There are also presently in many games quest items that only drop from one very specific named monster. And this sort of item often can not be sold or traded between players. This makes the "reverse quest" situation unlikely, and totally solves the problem of the player buying quest items instead of actually doing the quest. But often this causes a new problem, camping. That was specifically bad in Everquest, where the monster you had to kill was spawning far too rarely in most cases. For example the Testament of Vanear was a quest reward you got by killing a renegade guard named Dyllin Starsine, but Dyllin only spawned every 8 hours. And as the reward was highly useful for different character classes of a wide range of levels, people literally started queueing up for the chance to do the quest. There were conflicts, and problems of "kill-stealing". And that was just for a mid-level item. For high-level stuff server-wide waiting lists were organized. Having to sit and wait for hours to solve a quest is bad enough. But standing in line to do so completely takes away your sense of "being on a quest". A similar problem occurs when players don't have to kill a monster that only spawns in one place, but one that is rare, and that not always drops the quest item you are looking for. In that case you can't even organize waiting lists, but usually find the whole zone full of players trying to find the monster in question before the others. And that can take days, because even if you happen to be faster or more lucky than the competition in finding the monster, you still have to be extra lucky for it to drop the quest item.

The ideal specific monster slaying quest would put these monsters in mini-dungeons that exist only for the quest-taker and his group. FFXI already has this sort of encounter, the Burning Circle Named Monsters, the first of which you encounter for the rank 3 mission at around level 25. The quest-taker and his group step on a magical circle and are teleported to the monster to slay. Nobody else can interfere. The quest monster never appears to people not on the quest who just happened to pass by. And nobody has to wait in line for hours for his turn to kill the dragon. Unfortunately, while this good solution already exists in FFXI, it is applied only for very few cases, for few missions and high level encounters. The level 18 sub job quest, which practically every character in the game has to do, is of the classic "find a rare monster and kill it, hoping for a rare drop from it" kind. If you are unlucky, that can be very frustrating, especially if you feel you "must" do that quest to advance.

Dungeons that are "reserved" for one party should be more common, and maybe bigger in some cases. Either randomly generated like in AO, or one one specifically designed dungeon for each quest of this type. It would be perfectly imaginable to force people to fight their way past some lesser enemies, before arriving at the "boss" monster. And a computer generated world does not have to follow the laws of the physical world. Two parties entering the same cave entrance can very well arrive in two identical, but parallel caves, with no possibility of interference.
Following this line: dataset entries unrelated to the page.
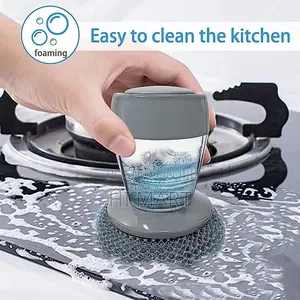 Liquid Adding Pot Washing Brush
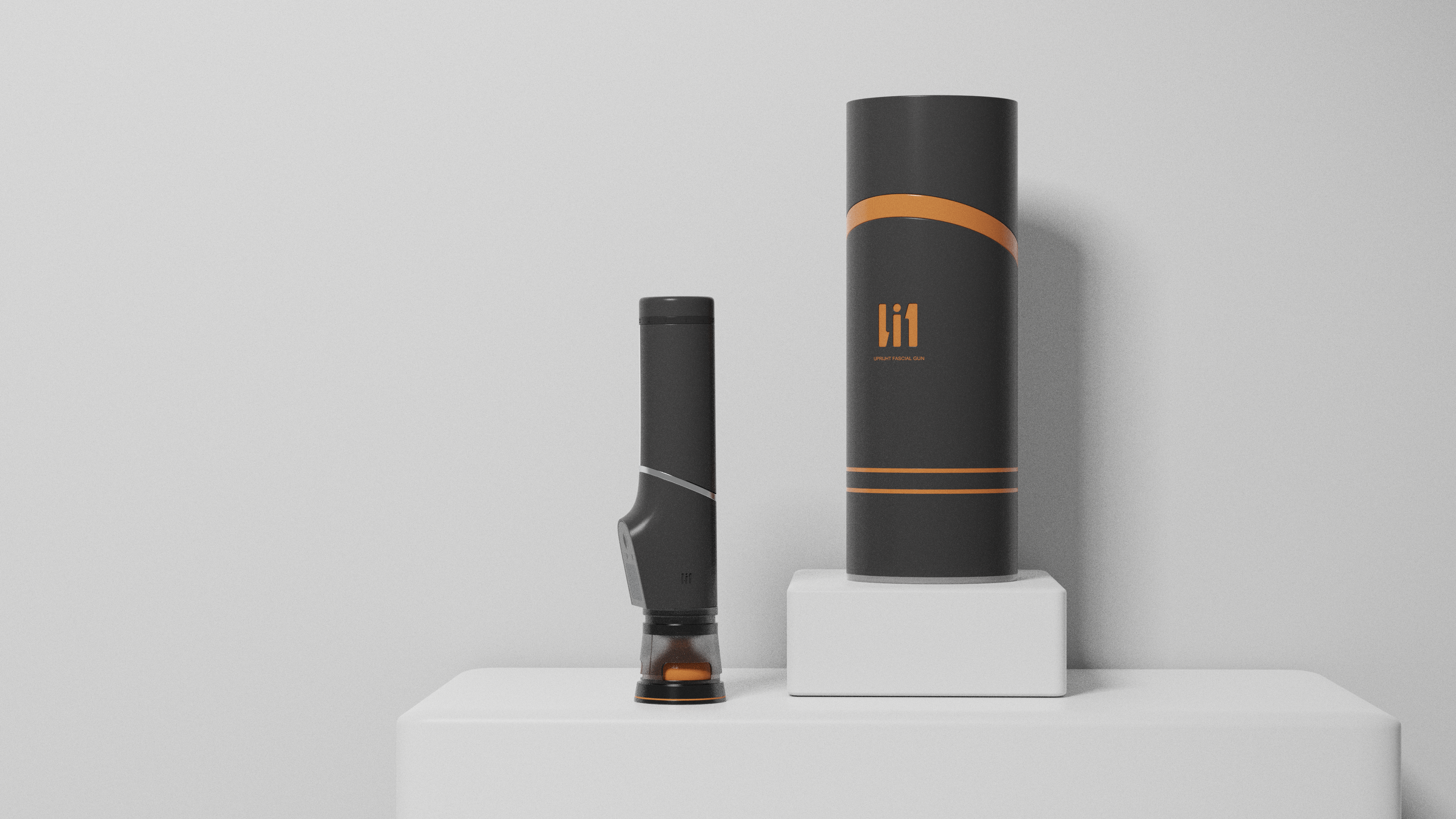 Fascia gun，product design，industrial design，Product rendering，Outdoor sports，household electrical appliances，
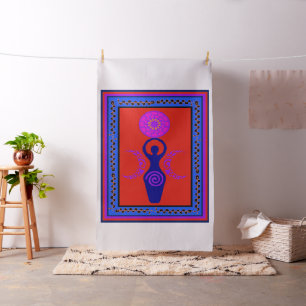 Goddess Designer Fabric
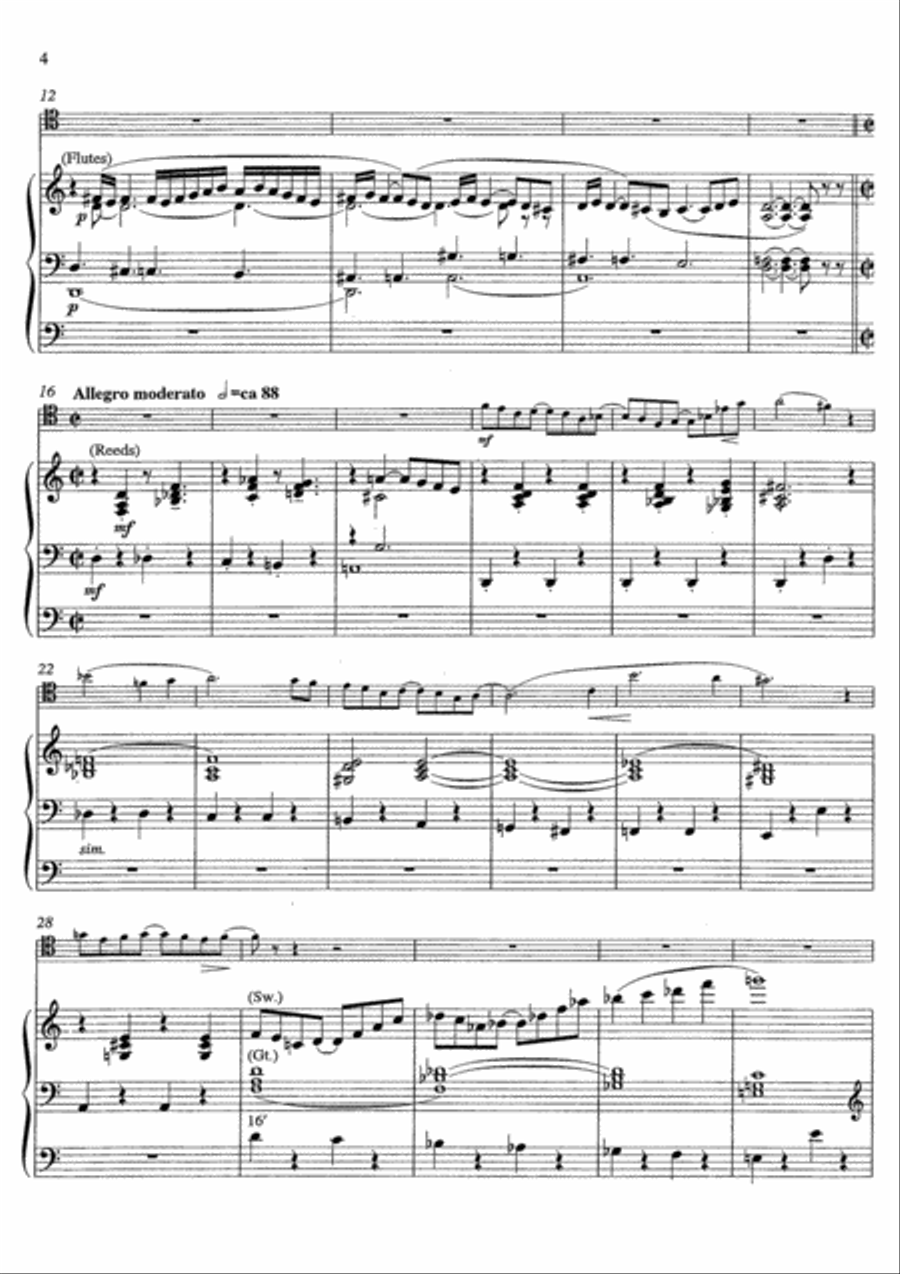 Fantasia Trombone scores gallery preview page 6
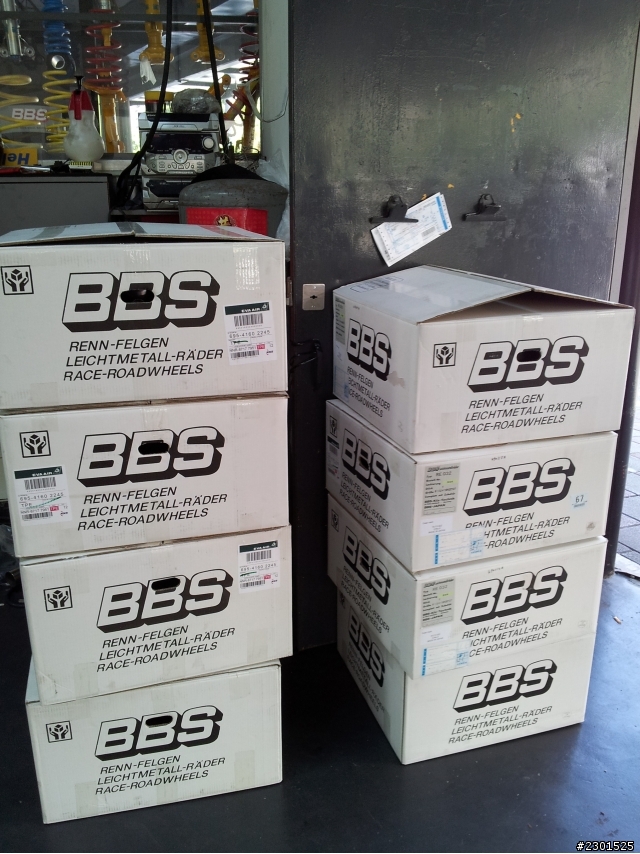 BBS JAPAN RI-D & RE-mg 開箱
In short, quests are a way to bring back story-telling into MMORPG. Story-telling is probably the biggest loss when moving from single-player to massive multiplayer role-playing games. To bring the stories back in a believable form, they must be told in an individual way (and FFXI does that admirably with cutscenes). But the further progress of the story must also be individual, much more than it is now in most games. It is difficult to tell individual stories in a world often overcrowded with competing heroes. But it is possible, as some of the best examples of FFXI missions prove. It is unfortunate that even in FFXI this is only done for some of the missions, while the far more frequent quests continue in the classic flawed way. That is most probably a question of resources, as designing individual quests needs man power, and running parallel mini-dungeons needs computing power. But in a world of competing MMORPGs, producers might well find that this is a good way to be better than the competitors.